Wolcensmen is Capp’s solo project that has been in the works for several years, and was inspired by the acoustic parts of music by the likes of Ulver, Opeth and Empyrium and also by Capp witnessing an Irish folk band playing in a Dublin pub, leading him to reflect that he felt an English version – local pubs etc. with acts regularly performing English folk music – was lacking. Wolcensmen is his answer to that void though, as he says, “…as it happens, the music I’d go on to record had none of the happy, merry-making appeal I’d first envisioned, but anyhow…” I’d venture that Wolcensmen are the English equivalent to the rather super Norwegian act Wardruna who aim to create musical representations of Norse traditions.
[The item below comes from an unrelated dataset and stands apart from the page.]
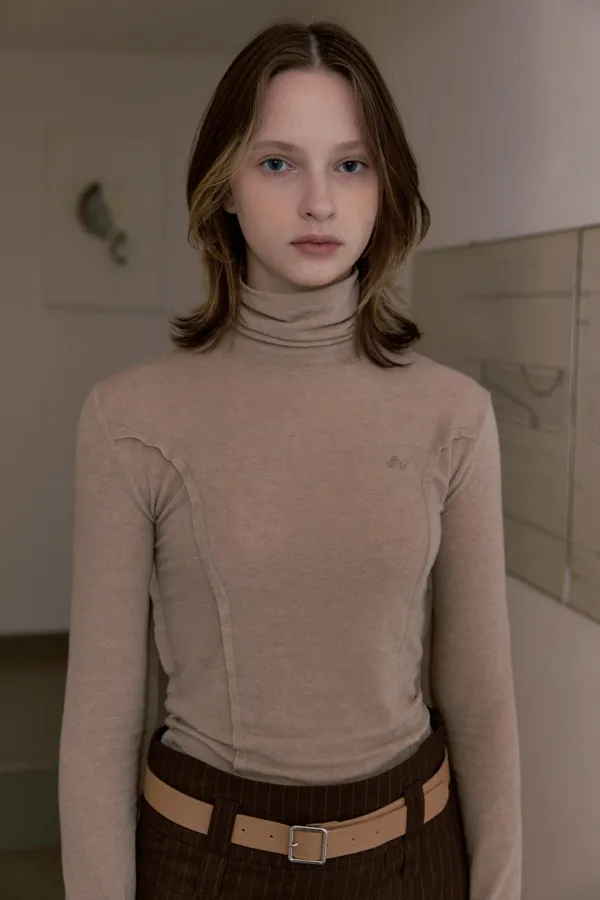 Raw Edge Turtle Neck (Light Beige)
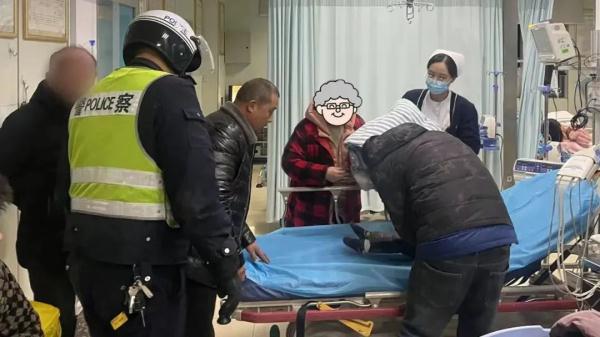 一天三次救人！警摩版“飞驰人生”在街头上演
“Songs From The Fyrgen” is the debut album from Wolcensmen. The “fyrgen” in the album title refers to mountain woods or a wooded hilltop, so it’s natural that the music contained within should evoke such surroundings. I suppose that the closest his day-job band come to the music found on the record would be something like “Children Of The Stones” (also the title of a super TV series originally broadcast back in 1977) or perhaps “Æfterield-fréon” – both excellent, delicate and atmospheric acoustic pieces.
So it is with this album. Beginning with one of the shortest numbers “Withershins” this is full of acoustic guitars and very natural vocals by the main man, augmented by percussion by Dan & Mark Capp, flute (by American Jake Rogers), some synthesizer (by Grimrik from Germany), piano (by Dries Gaerdelen from Belgium), cello (by Canadian Raphael Weinroth-Browne) and some ritualistic vocals from Norwegian Nash Rothanburg. Despite the multi-national support cast I feel that this record is a very English sounding one.
And that was certainly Capp’s intention. He stated in an interview that Wolcensmen is “…specifically a celebration of old England…”. It is also definitely thematically heathen – “…the Heathen aspect is vital, because I am a Heathen and Wolcensmen is essentially a cultural statement. It is meant to be romantic, and I simply can’t see that there’s anything to romanticise about post-Christian England. It was the beginning of our decline. The stories are mine, except for ‘The Mon o’ Micht’, which is lyrically traditional, and ‘Hoofes Upon the Shymmeringe Path’ whose lyrics are based on the names of the horses belonging to the Asa (Aesir) gods, on which they ride across Bifrost, ‘the shimmering path’, to Asgard. My other lyrics are inspired by folk tales, natural phenomena and esoteric concepts…”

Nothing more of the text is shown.